Austrian sculptor (1892–1950)

Bronze nude of a dancer on an onyx plinth by Lorenzl, c. 1925

Josef Lorenzl (1 September 1892 – 15 August 1950) was an Austrian sculptor and ceramicist of the Art Deco period, the same era as Ferdinand Preiss (1882–1943) and Demetre Chiparus (1886–1947).

==Early life==
Lorenzl was born on 1 September 1882 in Vienna, Austria and died there on 15 August 1950. Little is known about his early years, but more is known about his later life. Lorenzl started his career working at a foundry at the Vienna Arsenal where he learned the techniques of bronze casting. The Vienna Arsenal was a military storage complex located in the south-eastern part of Vienna.

==Career==
While at the Vienna Arsenal, Lorenzl produced many bronze and chryselephantine sculptures, the latter using both bronze and ivory, and captivated by the female form he became famed for his shapely dancing girls with long, elegant legs and closed eyes. These pieces of his were signed "Enzl", "Lor", "R. Lor", "Renz" or "Renzl". Occasionally the name "Crejo" appears on his pieces, Crejo having been a painter and one of Lorenzl's friends, and who sometimes applied colour to the pieces. These joint works are sought-after items. The large majority of Lorenzl's figurines were attached to Brazilian green onyx plinths.

Lorenzl's talents also extended to being a gifted ceramicist. He produced pieces for Goldscheider, working from a studio on company grounds. As with his chryselephantine pieces, his ceramic works were in great demand and became the embodiment of the Art Déco period. Famous amongst these is "The Butterfly Girl" after the famous dancer Niddy Impekoven from the 1920s. Lorenzl also worked for two other Viennese firms, Porzellanfabrik Hertwig & Co. and Keramos Porcelain.
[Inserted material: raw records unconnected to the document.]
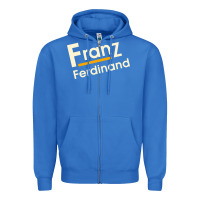 True Royal cool-franz-ferdinand-franz-ferdinand-merch Zipper Hoodie - linhVisuals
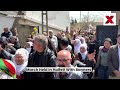Massive Crowds Gather For Jailed Leader Ocalan Birthday In Turkey - Video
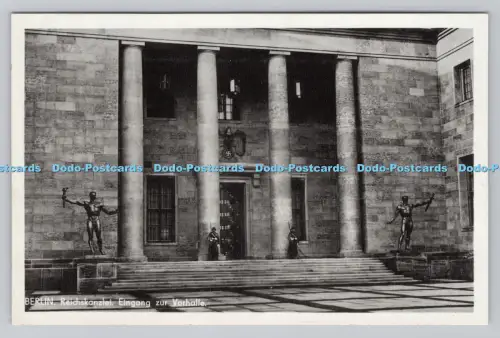 R810941 Berlin. Reichskanzlei. Eingang zur Vorhalle. Rich Schlenner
'Keramos' or 'Wiener Kunst-Keramik und Porzellan Manufaktur AG' was founded in 1910 by several disabled war veterans, subsidised by Austria and later became a public company, directed by Otto Köller, and Rudof and Heinrich Wolf. It was located in Schwarze Adlerstiege, while the factory operated from 17 Schleiergasse.

==Death==
After Lorenzl's death on 15 August 1950, his wife Anna (Njura) Lorenzl, destroyed a large number of his figurines.

==Bibliography==
- Robert E. Dechant, F. Goldscheider: Goldscheider. Firmengeschichte und Werkverzeichnis. Historismus, Jugendstil, Art Déco, 1950er Jahre. Arnoldsche, Stuttgart 2007, ISBN 978-3-89790-216-9.